In the listing below, the answer starts at the line that has "Ivory Mermaid Satin" and stops after the line that has "Charles & Keith"; please repeat that part exactly and nothing more.

> **DATASET ENTRIES**:

- - - - - - -

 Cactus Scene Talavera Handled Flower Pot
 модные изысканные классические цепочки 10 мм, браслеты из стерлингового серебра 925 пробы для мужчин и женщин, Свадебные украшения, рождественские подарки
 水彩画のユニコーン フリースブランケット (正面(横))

- - - - - - -

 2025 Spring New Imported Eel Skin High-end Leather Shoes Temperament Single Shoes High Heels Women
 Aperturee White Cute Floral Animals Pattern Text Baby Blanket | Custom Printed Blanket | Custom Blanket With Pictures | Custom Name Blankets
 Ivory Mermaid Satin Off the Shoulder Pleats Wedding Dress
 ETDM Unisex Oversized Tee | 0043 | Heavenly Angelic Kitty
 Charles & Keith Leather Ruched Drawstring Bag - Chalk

- - - - - - -

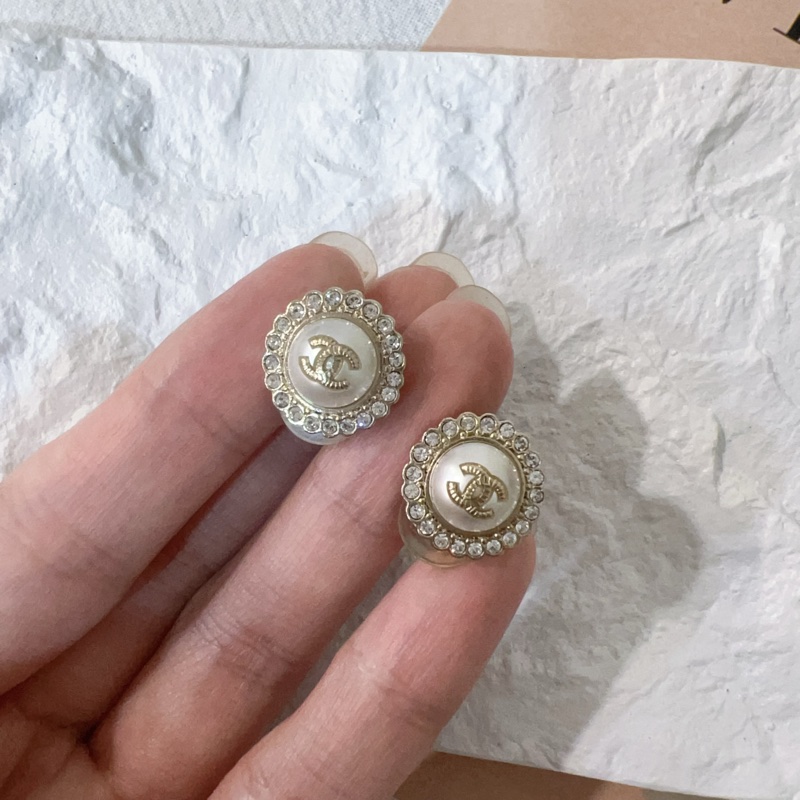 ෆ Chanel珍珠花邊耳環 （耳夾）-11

- - - - - - -

> **OUTPUT BELOW**:
 Ivory Mermaid Satin Off the Shoulder Pleats Wedding Dress
 ETDM Unisex Oversized Tee | 0043 | Heavenly Angelic Kitty
 Charles & Keith Leather Ruched Drawstring Bag - Chalk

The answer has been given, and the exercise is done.